WHAT IS BEING ASKED
Could you write out every record below exactly, leaving out any pictures?

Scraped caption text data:
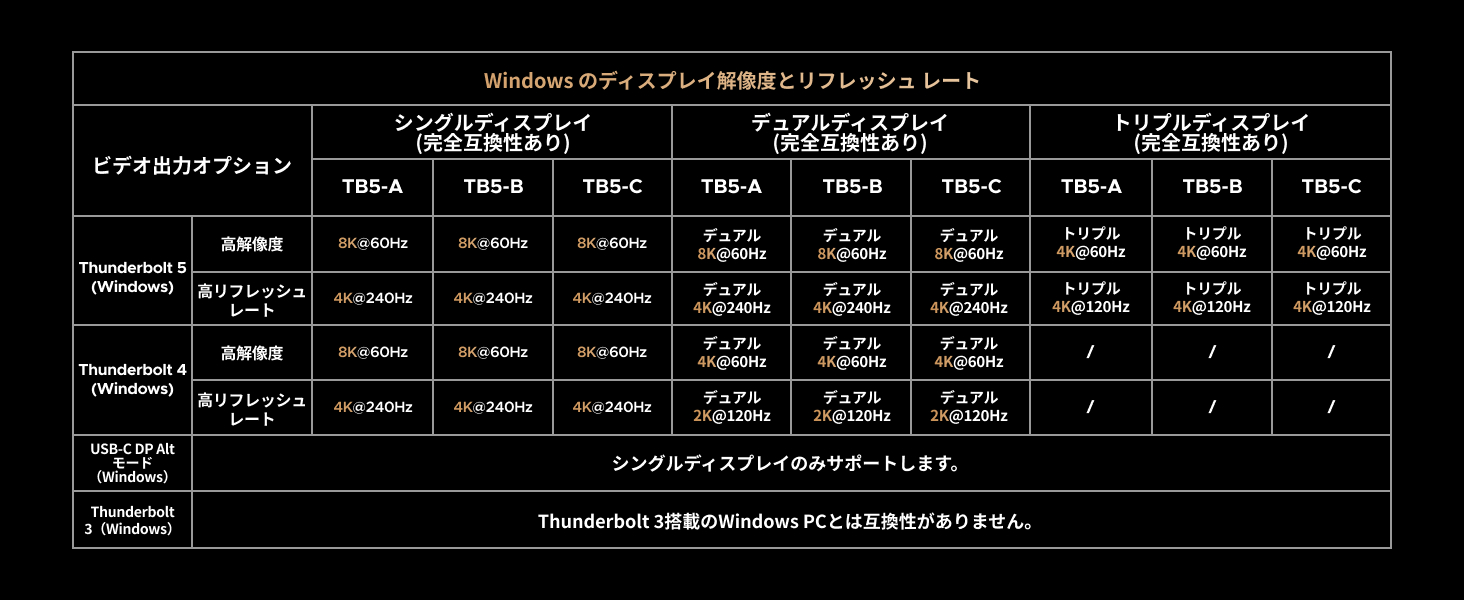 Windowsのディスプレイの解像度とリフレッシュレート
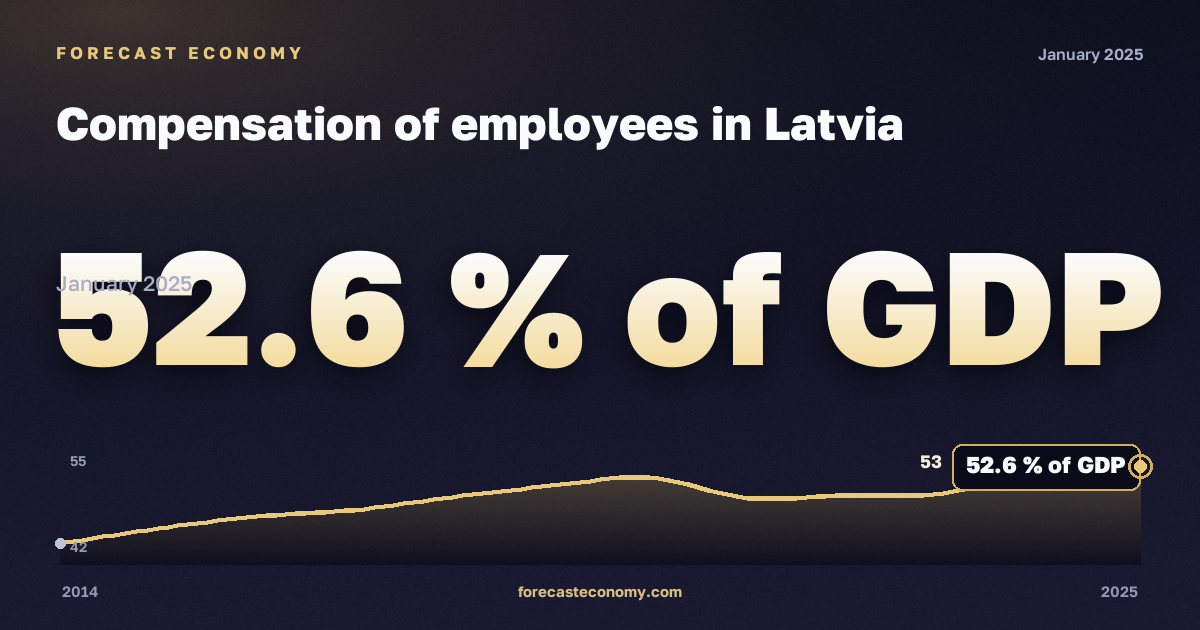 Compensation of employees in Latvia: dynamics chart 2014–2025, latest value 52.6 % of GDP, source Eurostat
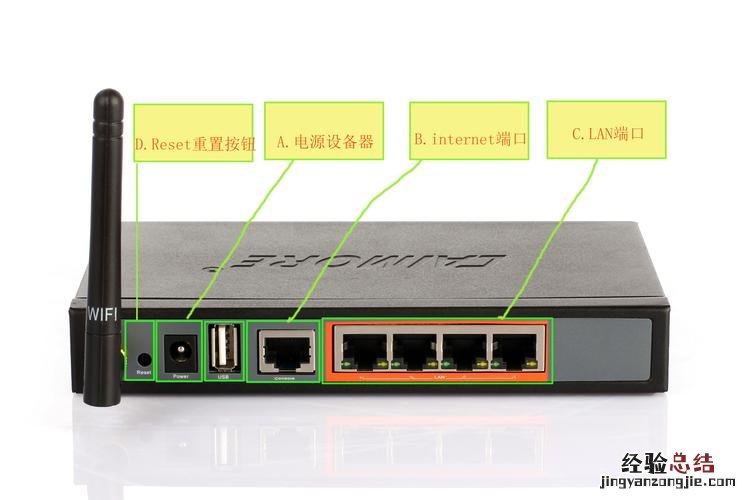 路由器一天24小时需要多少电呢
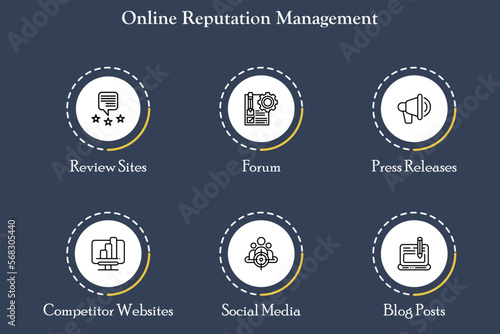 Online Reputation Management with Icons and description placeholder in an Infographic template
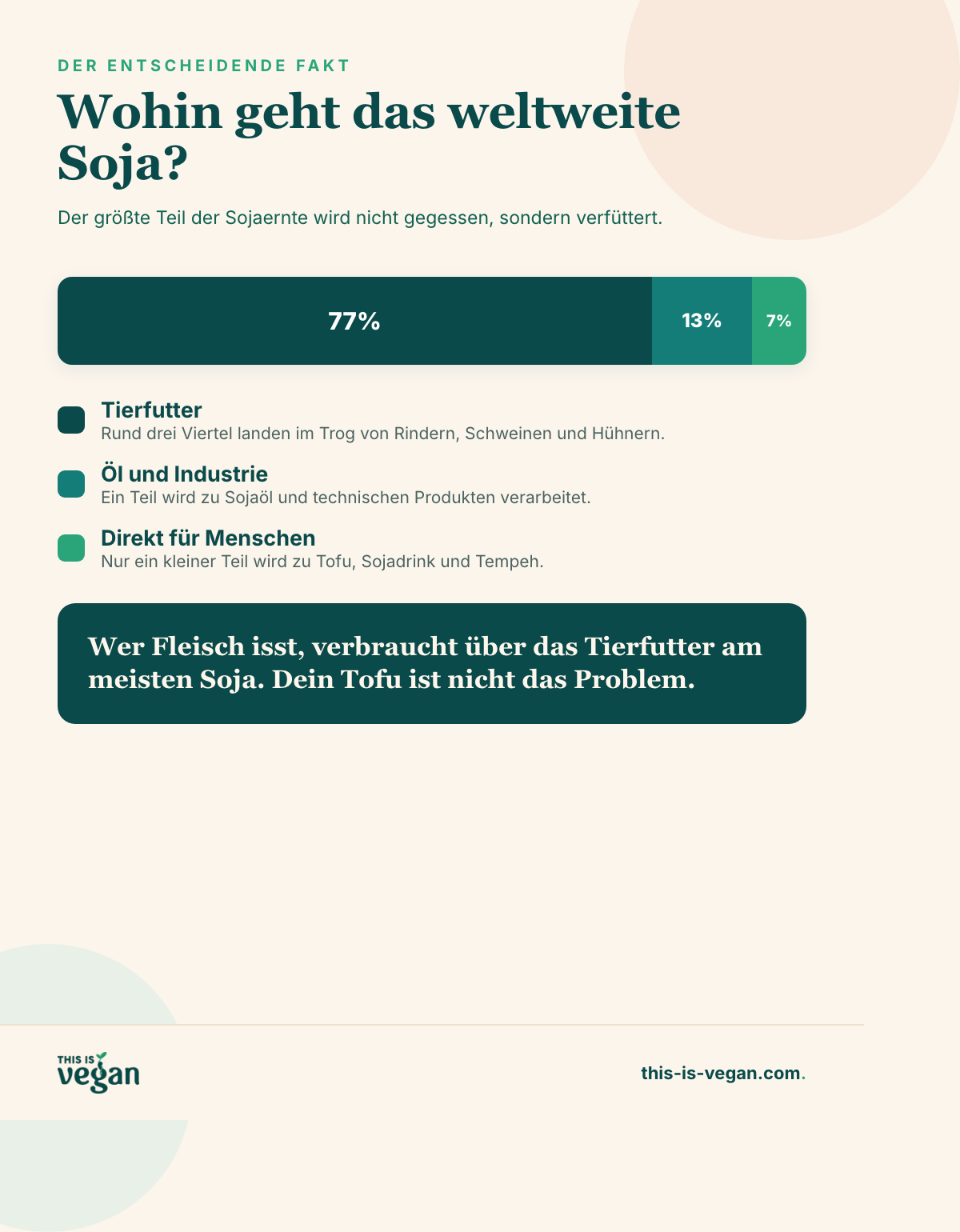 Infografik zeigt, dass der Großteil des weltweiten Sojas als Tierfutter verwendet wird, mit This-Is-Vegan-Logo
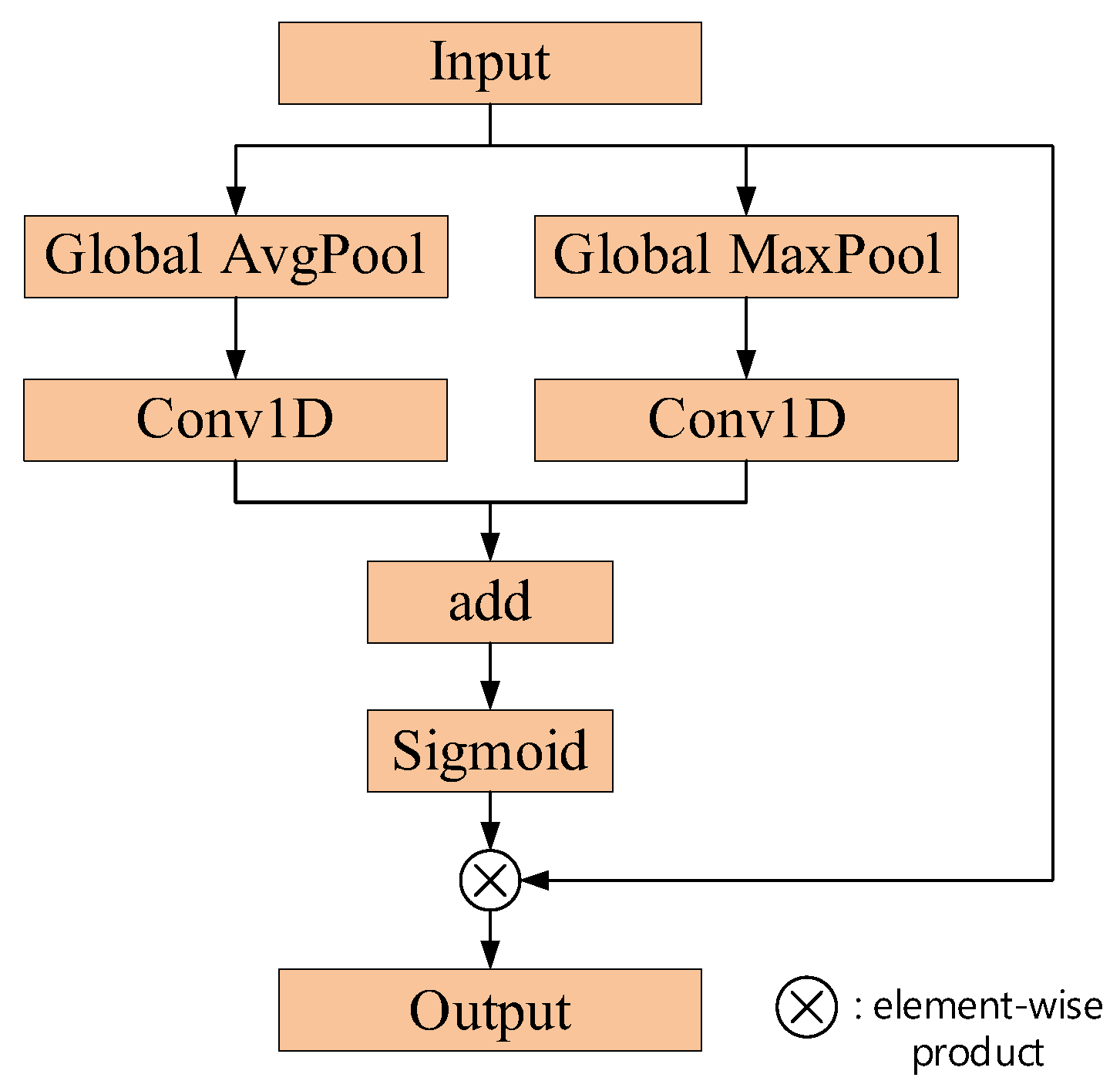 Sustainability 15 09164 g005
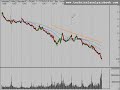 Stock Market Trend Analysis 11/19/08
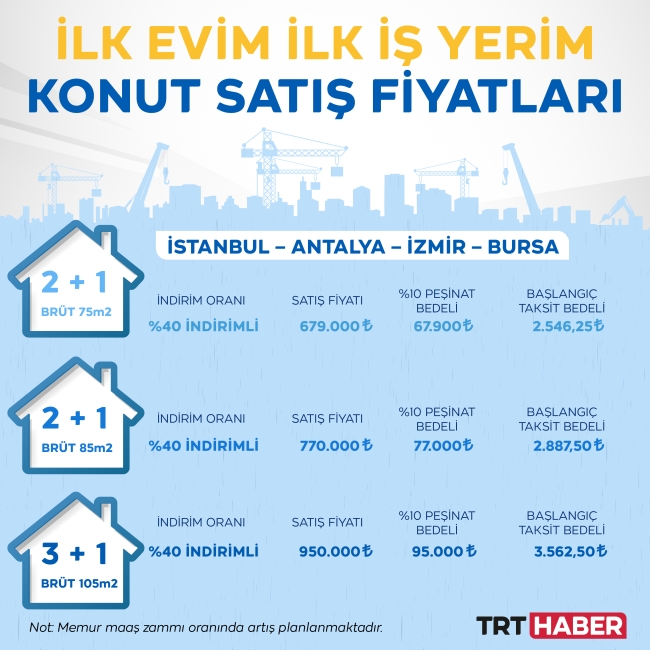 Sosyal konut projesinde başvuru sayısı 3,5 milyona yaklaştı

SOLVED EXERCISE
 Windowsのディスプレイの解像度とリフレッシュレート
 Compensation of employees in Latvia: dynamics chart 2014–2025, latest value 52.6 % of GDP, source Eurostat
 路由器一天24小时需要多少电呢
 Online Reputation Management with Icons and description placeholder in an Infographic template
 Infografik zeigt, dass der Großteil des weltweiten Sojas als Tierfutter verwendet wird, mit This-Is-Vegan-Logo
 Sustainability 15 09164 g005
 Stock Market Trend Analysis 11/19/08
 Sosyal konut projesinde başvuru sayısı 3,5 milyona yaklaştı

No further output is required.